Я думала о том, что состояние и имя его семьи были бы весьма полезными для нашей.
Она кивает:
– Томас мог бы стать очень хорошей партией. Их семья сейчас в фаворе, но мы больше не будем о нем разговаривать. Никому не должно даже в голову прийти, что ты когда-либо о нем думала.
– Я и не думала.
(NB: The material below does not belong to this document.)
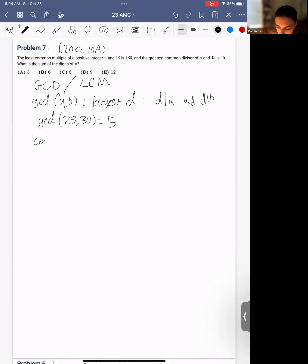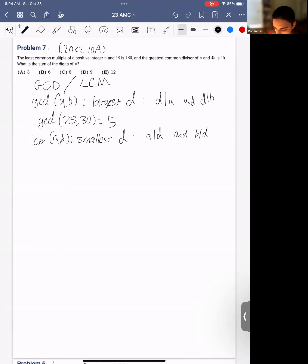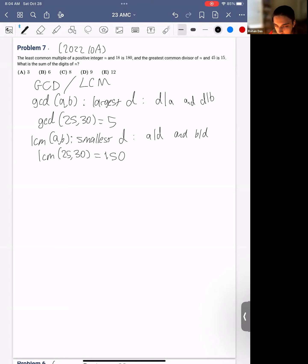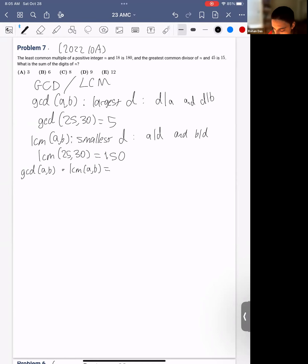The LCM is defined similarly. It's the smallest D such that A divides D and B divides D. If we look at the same two numbers, their LCM would be 150 because it's 6 times 25 and 5 times 30, and no smaller number is the multiple of both of these. One property is that GCD(A,B) times LCM(A,B) equals AB itself.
Я бы вышла замуж за того кандидата, который был бы наиболее выгоден для моей семьи; за него, равно как за любого другого.
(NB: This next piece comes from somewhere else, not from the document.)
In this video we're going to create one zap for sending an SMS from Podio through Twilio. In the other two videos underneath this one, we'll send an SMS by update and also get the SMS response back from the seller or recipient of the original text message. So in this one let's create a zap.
– А сейчас он для тебя должен быть равно как мертв, – продолжала настаивать Нэн.
– Я уже оставила все мысли о нем. Я даже никогда с ним не разговаривала, не просила нашего брата поговорить с ним… Никому о нем не упоминала, даже дяде. Забудь о нем, как я забыла.
– Кэт, это очень важно.
– Я не дура.
Она кивает.
– Тогда больше никогда не будем о нем вспоминать.
– Никогда.
И сон повторялся снова и снова, и ступени множились под моими ногами, свеча мерцала, а смрад становился все невыносимее, до тех пор пока я не зашлась в удушливом кашле. Задрожала кровать, и Мэри-Клэр, еще одна фрейлина, делящая со мной постель, бросилась будить меня со словами:
– Господи, благослови, Екатерина, вы спали и кашляли, а потом стали кричать! Что с вами стряслось?
– Ничего, – ответила я. – Пресвятые небеса, как же мне было страшно! Мне приснился плохой сон, настоящий кошмар.
– Снова Гардинер, – замечает Нэн, и Екатерина Брэндон наклоняется к ней и принимается что-то горячо шептать. Я вижу, как бледнеет Нэн вслед за утвердительным кивком хорошенькой головки Екатерины.
– В чем дело? – спрашиваю я. – Почему епископу не стоит сопровождать короля?
– Паписты надеются захватить Томаса Кранмера, самого просветленного, самого лучшего христианского архиепископа, который когда-либо появлялся при дворе, – быстро говорит Нэн. – Муж Екатерины сказал ей, что они собираются обвинить архиепископа в ереси, сегодня, после полудня. Они считают, что у них достаточно сведений, чтобы посадить его на кол.
Я настолько потрясена этим известием, что лишаюсь дара речи.
– Но ведь нельзя убить епископа! – вырывается у меня.
– Можно, – резко отвечает Екатерина. – Этот король уже делал это: епископа Фишера.
– Так это было много лет назад! Что такого сделал Томас Кранмер?
– Он осквернил «Акт о шести статьях», – ответила Екатерина. – Король перечислил шесть догматов, в которые должен верить каждый христианин, или он будет признан еретиком.
– Но как он мог их осквернить? Он же не может выступать против учений Церкви! Он же архиепископ, а значит, сама Церковь!
Навстречу нам направляется король.
– Моли о помиловании архиепископа! – быстро говорит Нэн. – Спаси его, Кэт!
– Да как мне это… – и я замолкаю, чтобы изобразить улыбку хромающему мне навстречу королю, едва удостоившему свою дочь кивком.
Я ловлю на себе недоуменный взгляд леди Марии, но, даже если она считает, что я веду себя не так, как подобает тридцатиоднолетней вдове, сказать она ничего не посмеет. Леди Мария всего на три года моложе меня, но она хорошо усвоила уроки осторожности еще в полном жестокости и страданий детстве. На ее глазах из ее свиты исчезали друзья, учитель, даже ее воспитательница, отправляясь сначала в Тауэр, а потом на эшафот. Ее давно предупреждали, что ее отец без тени сомнения отдаст принцессу палачу за ее бескомпромиссную веру. Иногда, когда леди Мария молится в полном молчании с полными слез глазами, мне кажется, что она горюет по тем, кого потеряла и кого не смогла спасти.